#### Provided records
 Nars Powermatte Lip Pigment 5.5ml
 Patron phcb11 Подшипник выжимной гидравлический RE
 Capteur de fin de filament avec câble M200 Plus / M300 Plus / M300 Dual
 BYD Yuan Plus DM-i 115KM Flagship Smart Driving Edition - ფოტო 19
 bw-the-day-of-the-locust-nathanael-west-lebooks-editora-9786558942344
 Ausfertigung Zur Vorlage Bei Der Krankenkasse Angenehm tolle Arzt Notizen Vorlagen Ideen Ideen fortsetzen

==

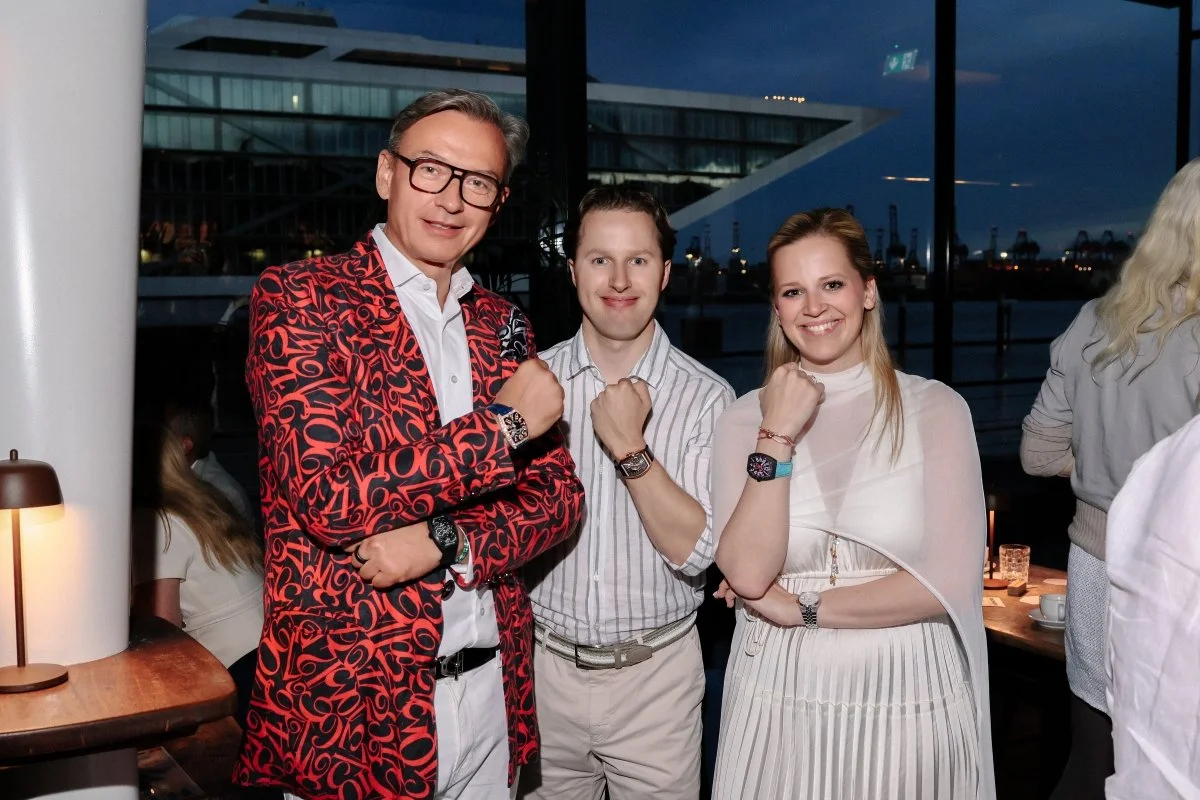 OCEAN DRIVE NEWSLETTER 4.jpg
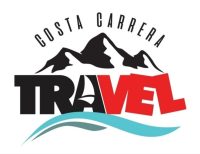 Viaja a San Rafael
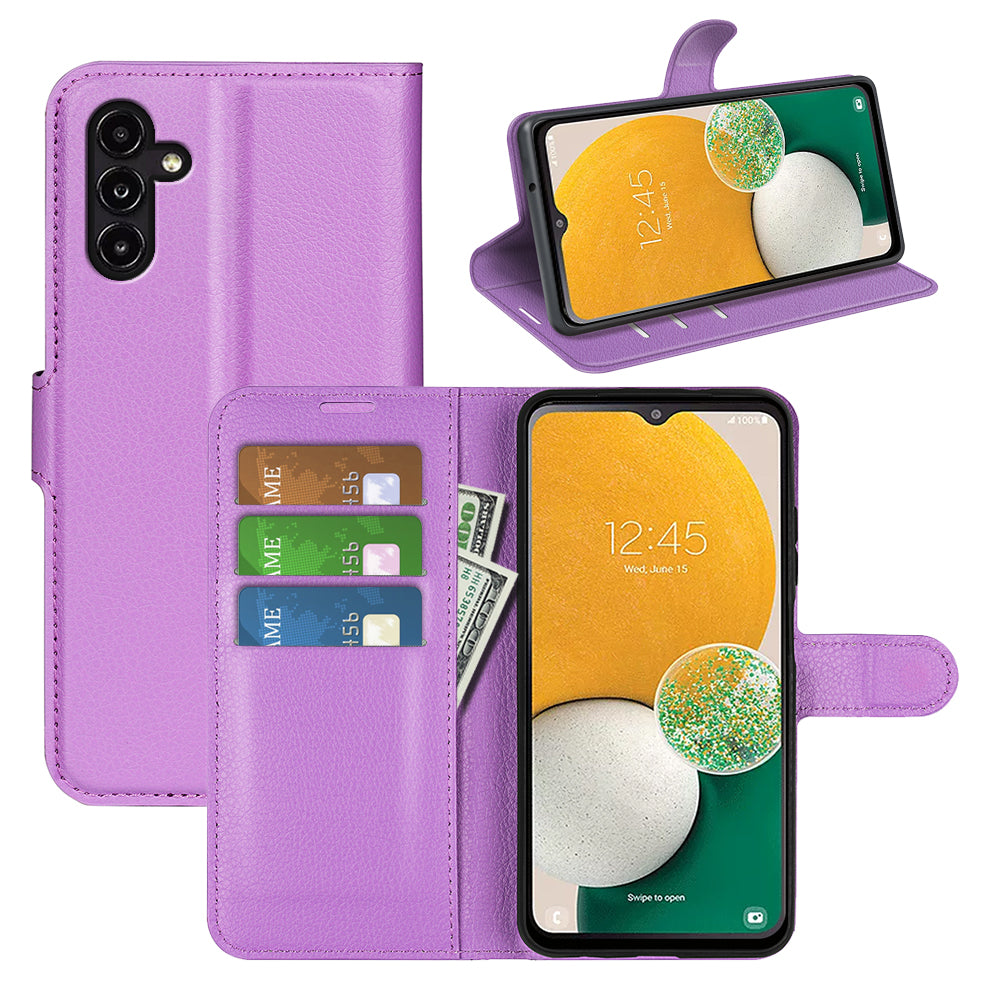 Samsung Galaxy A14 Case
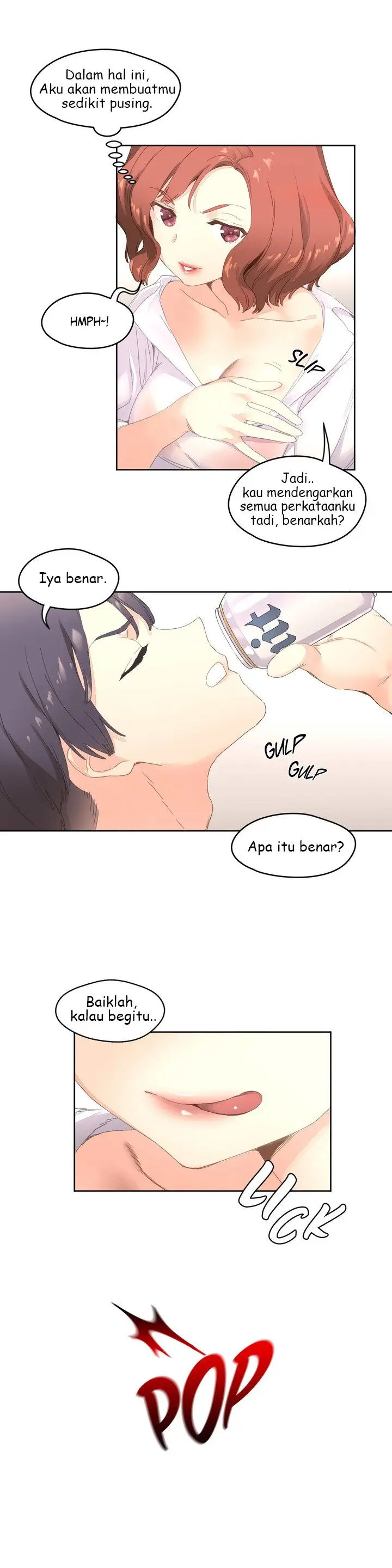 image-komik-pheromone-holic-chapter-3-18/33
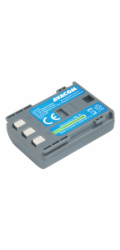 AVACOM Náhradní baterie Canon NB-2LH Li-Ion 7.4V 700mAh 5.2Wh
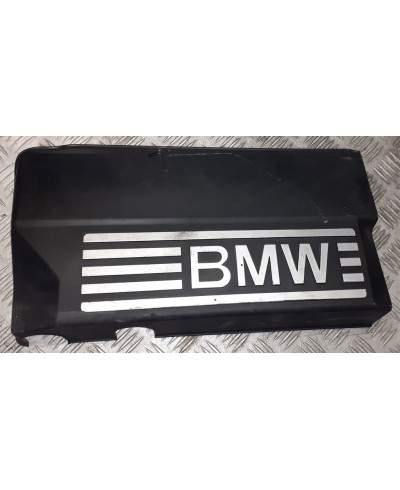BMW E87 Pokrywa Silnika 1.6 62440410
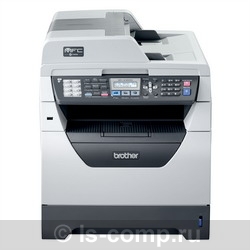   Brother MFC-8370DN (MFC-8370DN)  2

...

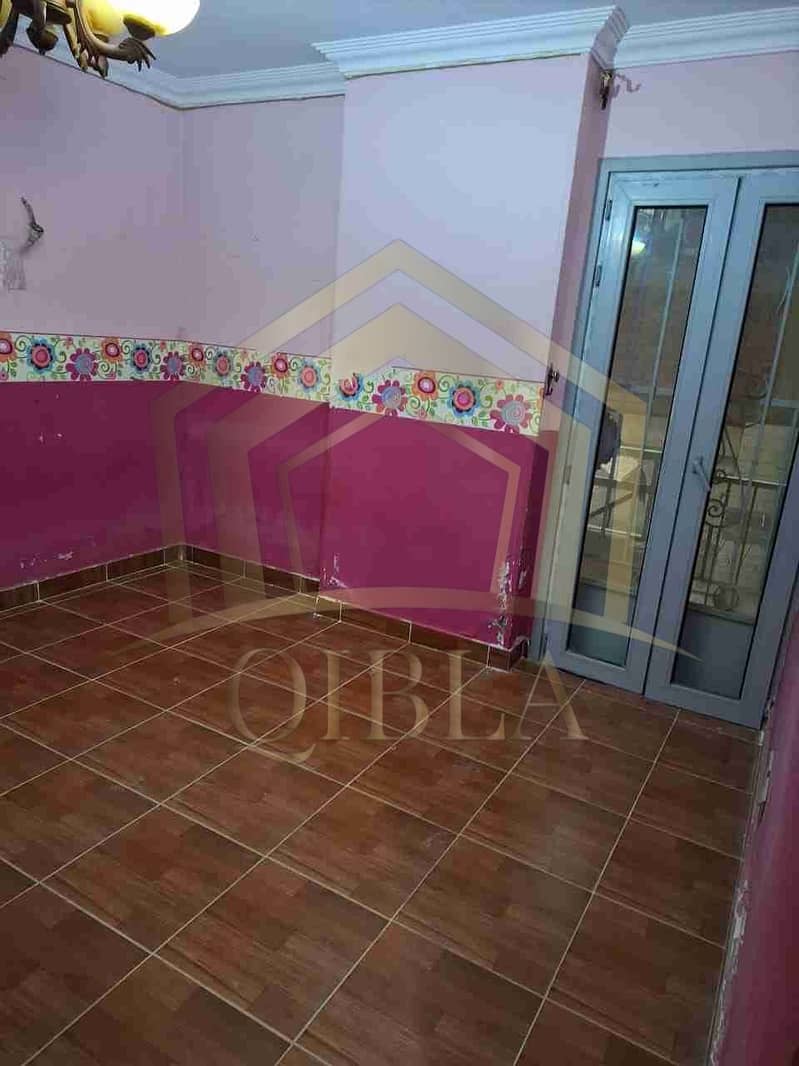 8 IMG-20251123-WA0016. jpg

#### Task goal
Among the lines of the material above, count those that include "Plus" and report that number alone.

#### Problem solution
2